What does it mean to be naked in public? Approaching this question from across the disciplines, this book examines the evolution of female exhibitionism from criminal taboo to prime-time entertainment. Taking an interdisciplinary approach which brings together all fields of popular culture, including literature, media, film and linguistics, Claire Nally and Angela Smith offer an examination of gendered exhibitionism from the mid-twentieth century to the present day. They ask whether bodily exposure provides the liberation it professes to or restricts our most secret selves to the sanitised realm of socially-sanctioned gender roles. From the art of burlesque as a riotous kingdom of the imagination to reality TV which helps women to unearth their 'true' and buried feminine selves, Nally and Smith explore how the critical history and theory of exhibitionism intersects with the wider movement towards gender equality. Examining effects of second-wave feminism to problematise the naked female form, female and gender-transgressive performers from Bette Davis to Dita von Teese are placed in their cultural context.

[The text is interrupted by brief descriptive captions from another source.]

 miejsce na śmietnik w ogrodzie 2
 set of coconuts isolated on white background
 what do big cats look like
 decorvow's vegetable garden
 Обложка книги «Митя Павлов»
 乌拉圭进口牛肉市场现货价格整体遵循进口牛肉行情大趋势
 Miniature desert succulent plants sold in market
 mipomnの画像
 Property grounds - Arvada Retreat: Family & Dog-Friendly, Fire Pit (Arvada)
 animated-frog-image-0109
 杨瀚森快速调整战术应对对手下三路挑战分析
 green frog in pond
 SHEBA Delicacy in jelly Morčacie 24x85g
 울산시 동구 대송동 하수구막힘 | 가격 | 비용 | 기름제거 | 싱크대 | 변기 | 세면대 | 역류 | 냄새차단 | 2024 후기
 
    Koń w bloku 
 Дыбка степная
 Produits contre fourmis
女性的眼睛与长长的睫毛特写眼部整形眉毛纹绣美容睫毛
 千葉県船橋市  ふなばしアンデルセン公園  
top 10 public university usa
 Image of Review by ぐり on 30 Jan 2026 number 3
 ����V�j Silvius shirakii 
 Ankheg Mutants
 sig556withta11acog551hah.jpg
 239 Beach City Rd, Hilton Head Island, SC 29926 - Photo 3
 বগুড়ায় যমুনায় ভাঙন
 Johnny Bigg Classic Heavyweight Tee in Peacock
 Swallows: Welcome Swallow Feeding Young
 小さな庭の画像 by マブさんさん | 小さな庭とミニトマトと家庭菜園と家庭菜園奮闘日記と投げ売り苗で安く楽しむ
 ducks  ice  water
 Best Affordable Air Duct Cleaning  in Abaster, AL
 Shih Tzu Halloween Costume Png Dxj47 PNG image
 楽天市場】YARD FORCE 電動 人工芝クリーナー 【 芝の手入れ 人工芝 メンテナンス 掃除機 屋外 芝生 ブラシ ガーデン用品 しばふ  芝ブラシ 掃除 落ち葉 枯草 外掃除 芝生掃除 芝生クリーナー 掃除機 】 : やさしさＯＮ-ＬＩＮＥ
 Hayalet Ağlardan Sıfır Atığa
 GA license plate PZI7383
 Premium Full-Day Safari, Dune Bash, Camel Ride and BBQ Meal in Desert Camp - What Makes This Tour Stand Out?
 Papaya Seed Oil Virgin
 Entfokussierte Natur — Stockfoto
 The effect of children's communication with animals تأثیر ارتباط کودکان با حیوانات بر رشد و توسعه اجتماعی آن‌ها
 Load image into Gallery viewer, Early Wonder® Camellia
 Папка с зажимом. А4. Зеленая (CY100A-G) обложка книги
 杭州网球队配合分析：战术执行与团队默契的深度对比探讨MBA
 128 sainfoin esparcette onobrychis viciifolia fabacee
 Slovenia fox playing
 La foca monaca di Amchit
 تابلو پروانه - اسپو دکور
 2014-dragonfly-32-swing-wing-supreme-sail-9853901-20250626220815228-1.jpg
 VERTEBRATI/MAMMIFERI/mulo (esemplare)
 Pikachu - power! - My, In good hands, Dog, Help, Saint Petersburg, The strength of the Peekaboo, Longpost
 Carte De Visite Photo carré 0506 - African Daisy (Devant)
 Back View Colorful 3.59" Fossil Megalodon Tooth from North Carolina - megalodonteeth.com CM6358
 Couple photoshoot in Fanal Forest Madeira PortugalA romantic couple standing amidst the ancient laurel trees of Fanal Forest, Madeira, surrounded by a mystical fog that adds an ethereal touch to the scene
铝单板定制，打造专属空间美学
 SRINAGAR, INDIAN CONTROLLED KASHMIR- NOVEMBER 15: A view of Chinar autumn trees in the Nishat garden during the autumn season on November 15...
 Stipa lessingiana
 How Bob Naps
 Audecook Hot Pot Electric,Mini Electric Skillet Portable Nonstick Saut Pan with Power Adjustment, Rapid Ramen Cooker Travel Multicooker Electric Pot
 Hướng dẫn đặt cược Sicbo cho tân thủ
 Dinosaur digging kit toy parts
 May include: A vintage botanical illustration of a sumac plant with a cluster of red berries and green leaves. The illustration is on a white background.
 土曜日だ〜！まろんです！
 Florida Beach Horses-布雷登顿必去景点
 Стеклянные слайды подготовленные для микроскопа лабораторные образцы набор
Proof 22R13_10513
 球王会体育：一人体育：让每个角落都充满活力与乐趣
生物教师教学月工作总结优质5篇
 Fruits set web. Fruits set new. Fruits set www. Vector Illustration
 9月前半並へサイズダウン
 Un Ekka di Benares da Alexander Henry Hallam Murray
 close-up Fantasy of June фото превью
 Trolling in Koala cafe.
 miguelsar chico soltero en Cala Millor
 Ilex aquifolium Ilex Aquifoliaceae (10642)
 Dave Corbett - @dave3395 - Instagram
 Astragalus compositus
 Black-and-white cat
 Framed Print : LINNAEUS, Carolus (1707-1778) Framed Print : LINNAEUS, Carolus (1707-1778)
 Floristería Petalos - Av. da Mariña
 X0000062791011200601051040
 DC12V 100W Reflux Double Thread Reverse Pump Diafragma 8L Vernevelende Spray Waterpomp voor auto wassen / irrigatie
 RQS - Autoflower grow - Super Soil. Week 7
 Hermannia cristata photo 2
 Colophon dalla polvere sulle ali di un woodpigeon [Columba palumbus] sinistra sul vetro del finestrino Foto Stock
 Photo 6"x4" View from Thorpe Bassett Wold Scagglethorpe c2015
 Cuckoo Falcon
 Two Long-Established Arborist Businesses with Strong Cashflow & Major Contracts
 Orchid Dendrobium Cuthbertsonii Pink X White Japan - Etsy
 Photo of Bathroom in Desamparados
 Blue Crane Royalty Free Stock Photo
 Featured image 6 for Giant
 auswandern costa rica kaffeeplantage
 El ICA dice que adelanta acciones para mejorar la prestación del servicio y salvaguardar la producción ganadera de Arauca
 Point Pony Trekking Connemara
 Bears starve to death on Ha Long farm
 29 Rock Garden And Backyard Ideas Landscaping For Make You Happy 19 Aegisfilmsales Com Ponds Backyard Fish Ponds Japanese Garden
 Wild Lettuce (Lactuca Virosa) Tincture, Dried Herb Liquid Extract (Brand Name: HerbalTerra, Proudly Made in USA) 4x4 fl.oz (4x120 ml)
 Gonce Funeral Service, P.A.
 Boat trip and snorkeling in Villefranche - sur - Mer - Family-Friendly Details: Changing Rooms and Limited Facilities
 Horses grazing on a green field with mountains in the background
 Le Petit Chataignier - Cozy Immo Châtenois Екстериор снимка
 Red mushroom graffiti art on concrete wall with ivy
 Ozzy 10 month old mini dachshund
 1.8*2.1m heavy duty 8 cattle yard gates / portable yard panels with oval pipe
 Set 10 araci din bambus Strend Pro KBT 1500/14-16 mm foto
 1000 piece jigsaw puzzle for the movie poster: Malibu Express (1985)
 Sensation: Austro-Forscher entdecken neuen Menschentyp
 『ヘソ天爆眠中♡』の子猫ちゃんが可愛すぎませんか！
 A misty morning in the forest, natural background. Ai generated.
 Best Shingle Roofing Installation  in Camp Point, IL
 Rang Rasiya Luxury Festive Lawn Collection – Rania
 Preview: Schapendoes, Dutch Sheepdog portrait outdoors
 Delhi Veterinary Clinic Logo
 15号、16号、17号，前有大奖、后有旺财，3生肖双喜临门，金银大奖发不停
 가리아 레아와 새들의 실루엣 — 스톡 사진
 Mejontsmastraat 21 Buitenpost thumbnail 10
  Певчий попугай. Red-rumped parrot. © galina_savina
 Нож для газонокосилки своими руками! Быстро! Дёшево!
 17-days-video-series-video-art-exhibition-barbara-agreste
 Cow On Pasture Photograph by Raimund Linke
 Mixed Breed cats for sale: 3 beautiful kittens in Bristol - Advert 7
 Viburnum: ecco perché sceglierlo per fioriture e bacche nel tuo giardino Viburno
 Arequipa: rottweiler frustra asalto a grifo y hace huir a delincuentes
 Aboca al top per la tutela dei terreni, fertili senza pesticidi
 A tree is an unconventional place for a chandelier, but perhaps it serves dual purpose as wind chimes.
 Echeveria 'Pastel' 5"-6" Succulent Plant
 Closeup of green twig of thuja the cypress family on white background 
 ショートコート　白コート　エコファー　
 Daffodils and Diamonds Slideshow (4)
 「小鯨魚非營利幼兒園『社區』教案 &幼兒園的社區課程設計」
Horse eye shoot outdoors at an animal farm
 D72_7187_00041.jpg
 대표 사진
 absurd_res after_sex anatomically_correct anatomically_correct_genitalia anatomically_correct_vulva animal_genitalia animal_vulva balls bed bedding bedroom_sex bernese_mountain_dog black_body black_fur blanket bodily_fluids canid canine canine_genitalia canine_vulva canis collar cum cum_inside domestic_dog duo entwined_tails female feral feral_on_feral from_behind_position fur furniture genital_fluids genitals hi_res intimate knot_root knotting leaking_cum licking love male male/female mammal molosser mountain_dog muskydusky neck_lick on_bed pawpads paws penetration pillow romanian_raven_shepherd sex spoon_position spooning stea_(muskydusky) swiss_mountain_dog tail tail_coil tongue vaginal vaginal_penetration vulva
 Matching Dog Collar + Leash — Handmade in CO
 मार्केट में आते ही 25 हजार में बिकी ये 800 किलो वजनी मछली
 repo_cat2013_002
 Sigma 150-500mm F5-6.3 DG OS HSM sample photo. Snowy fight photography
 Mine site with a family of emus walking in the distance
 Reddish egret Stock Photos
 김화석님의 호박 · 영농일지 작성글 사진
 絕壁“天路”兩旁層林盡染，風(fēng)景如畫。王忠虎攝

In order to demonstrate that female exhibitionism reamins at the heart of popular culture, this book also examines the works of Peter Ackroyd and the controversial playwright Sarah Kane, uncovering the contradictions behind evolving representations of public exposure. Within a post-feminist framework, the cultural constructions behind the repackaging of female exhibitionism are explored and the prominence of bodily exposure in popular culture examined, along with the implications of those artists who perform gender as a public masquerade. Finally, hit TV shows 'Ladette to Lady' and 'How to Look Good Naked' are interrogated to expose the buried contradictions behind this public unveiling: are women seizing control of their own identity, or is this revelation an illusion? Innovative, unflinching and pertinent, 'Naked Exhibitionism' explores naked bodies in the public gaze and critically reformulates the feminist and cultural debate around the performance of gender.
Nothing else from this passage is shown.